# Shade of Blot Powder



## tracyann91 (Apr 2, 2009)

Hmm - I wanted to get the Blot Powder (pressed - don't have a pro store or acct), and I'm not sure what shade to get.  I'm a NW20 - NW25 (or N5 I've been told is just between those), and I'm not sure if I should get light or what.  OR.... should I just get the new Prep & Prime transparent finishing powder??  My problem is that I get oily breakthrough in about an hour - 2 hrs, even when I use my Smashbox primer light.  Any recommendations would be greatly appreciated!!!!

EDIT:  Then I'm also reading about a pro product called MAC Invisible Set - should I use this?  I'm all about a matte finish since I HATE my oilies.

I've been using Studio Fix powder and I tried the Revlon Colorstay for oily skin.  Studio Fix powder was actually my first MAC purchase since I was truly in search of a foundation that would reduce shine.  It's better, and doesn't feel heavy at all, but I haven't conquered my problem completely.  

Thanks again!


----------



## Babylard (Apr 2, 2009)

hi, i wear nc20/nc25 and i use medium dark. i think light will be too light for you.

it works very well for controlling oily and for touch ups. i use it in my T zone and i am oily/acne prone. the only other effective oil control product i've used is silk natural's oil control primer.


----------



## SpringDancer (Apr 2, 2009)

I am NC20 and I wear Medium.

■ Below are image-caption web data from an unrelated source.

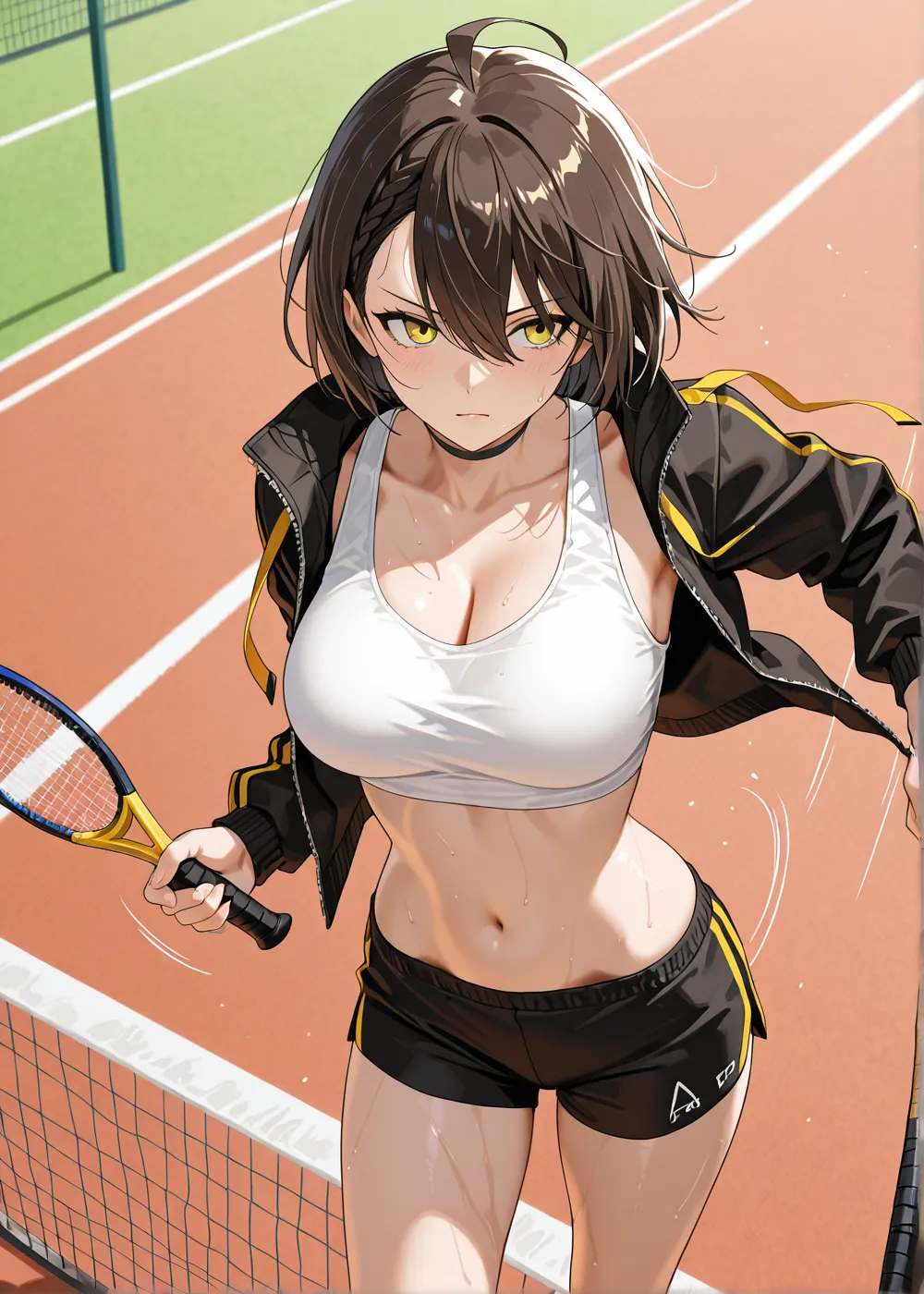 KALA NSFW VAMA - Baltimore 469p Azur Lane Patreon - Image 11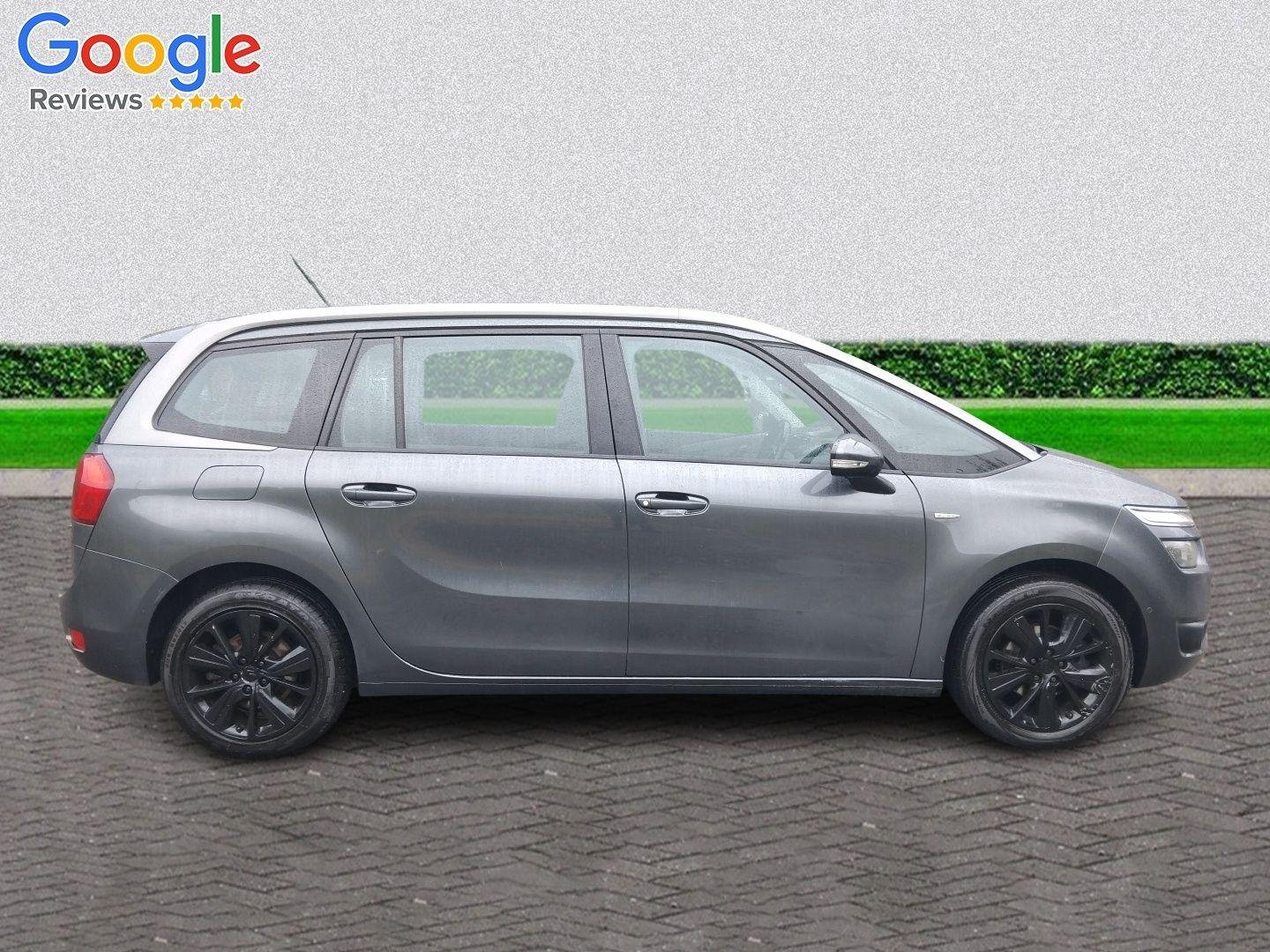 Citroen Grand C4 Picasso 1.6 BlueHDi Exclusive Euro 6 (s/s) 5dr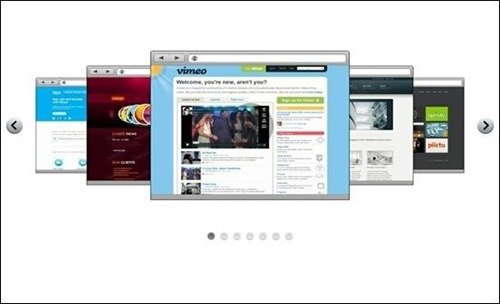 evolution jQuery carousel plugin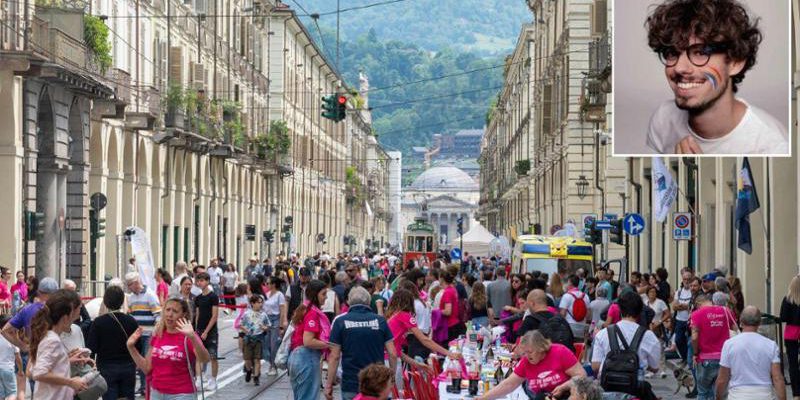 Emanuele Busconi contro l'omofobia: l'educazione sessuale è fondamentale per gli adulti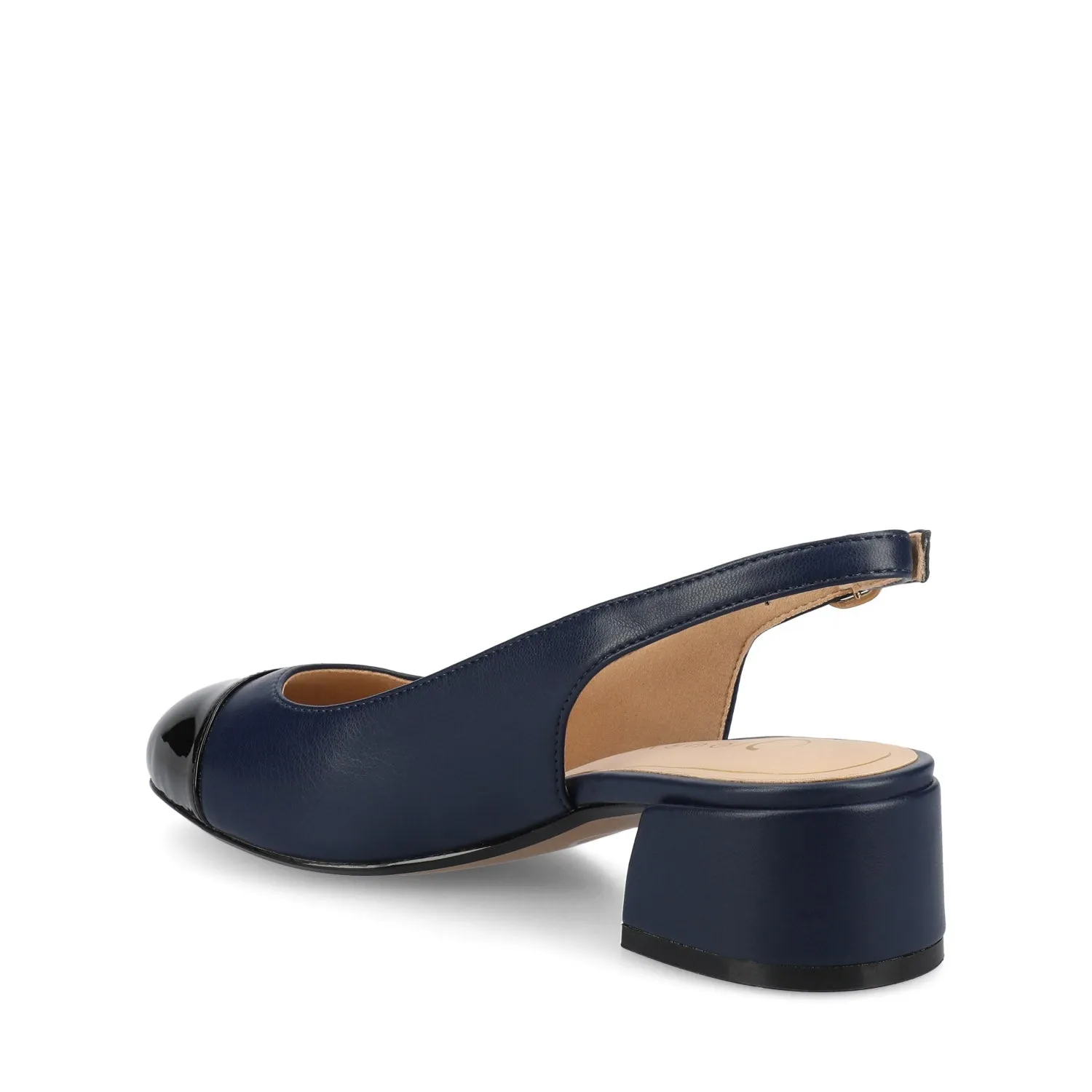 SAMMIE BLOCK HEELS IN WIDE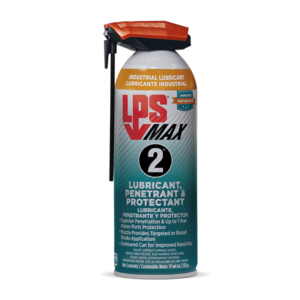 LPS-MAX-2-Lubricant LPS MAX 2 Lubricant, Penetrant & Protectant - Bình xịt bôi trơn đa năng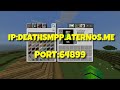 How To Join DEATH SMP Without Application!! For PE + Bedrock @DAKSHPLAYC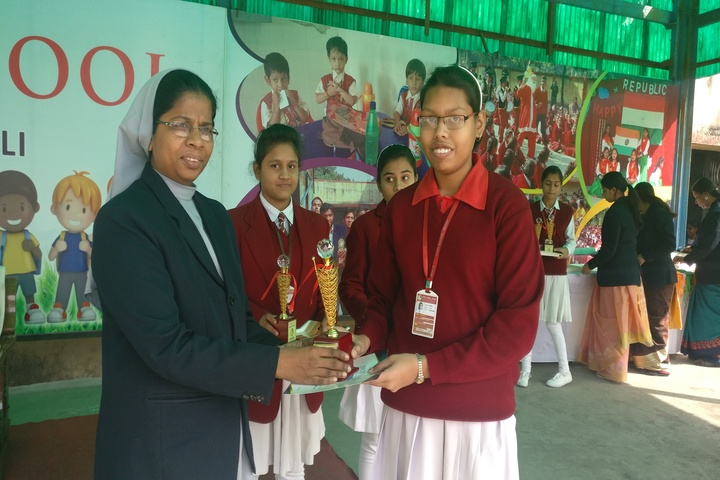 Jyoti School-Achievement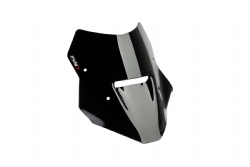 Cúpula Puig 22509N Sport Honda NC750X / NC750X DCT 2025-2026 Negro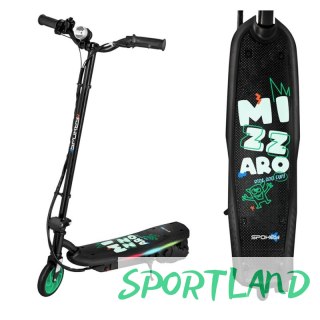 Hulajnoga elektryczna Spokey Mizzaro Jr SPK-945884 Czarny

But - since Blot is essentialy transparent, I don't think it would make much of a difference if you'd get a shade too light/dark (I once got Medium Dark accidently and it didn't look too dark).


----------



## MzzRach (Apr 2, 2009)

I am NW20 and have always used Medium in the Blot Powder.


----------



## tracyann91 (Apr 2, 2009)

^^^ - Thanks you guys!!!

Anyone else have any thought on the other products????


----------



## iluvmac (Apr 3, 2009)

NW20/25 here who uses Medium/Dark.


----------



## Rennah (Apr 3, 2009)

I haven't tried any other powders besides blot powder pressed.
I am NW20/NC25 in summer and I use Medium Dark.


----------



## tracyann91 (Apr 3, 2009)

Thanks again!!!  Now - should I get the medium or medium dark???  I'm thinking that heading in to summer, maybe I should get the medium dark.  ?????


----------



## iluvmac (Apr 3, 2009)

Quote:

   Originally Posted by *tracyann91* 

 
_Thanks again!!! Now - should I get the medium or medium dark??? I'm thinking that heading in to summer, maybe I should get the medium dark. ?????_

 
Yes, I think medium dark is the right choice. Do not worry too much about the shade, though: Blot Powder is very sheer, mistake-proof.


----------



## lukinamama (Apr 3, 2009)

I am nw25/30/35 and I use medium dark


----------



## tracyann91 (Apr 3, 2009)

Thanks everyone!!!


----------



## cipelica (Apr 3, 2009)

I am NC 25 and i use Medium.


----------



## arielle123 (Apr 3, 2009)

I'm NW15-20 and I use medium. I think that medium dark is probably good for you especially since we're going into summer.


----------



## ritchieramone (Apr 3, 2009)

Quote:

   Originally Posted by *iluvmac* 

 
_Do not worry too much about the shade, though: Blot Powder is very sheer, mistake-proof._

 
I agree; I'm NW15 and used Medium for a while, having been told incorrectly (by MAC mail order) that Light had been discontinued. To be honest, it made no difference at all!


----------



## Shadowy Lady (Apr 3, 2009)

I also wear medium dark and I'm NW25. The blot powder tend to run a little light I guess


----------



## mizuki~ (Apr 3, 2009)

Quote:

   Originally Posted by *SpringDancer* 

 
_I am NC20 and I wear Medium. But - since Blot is essentialy transparent, I don't think it would make much of a difference if you'd get a shade too light/dark (I once got Medium Dark accidently and it didn't look too dark)._

 
I agree. It has very little pigment


----------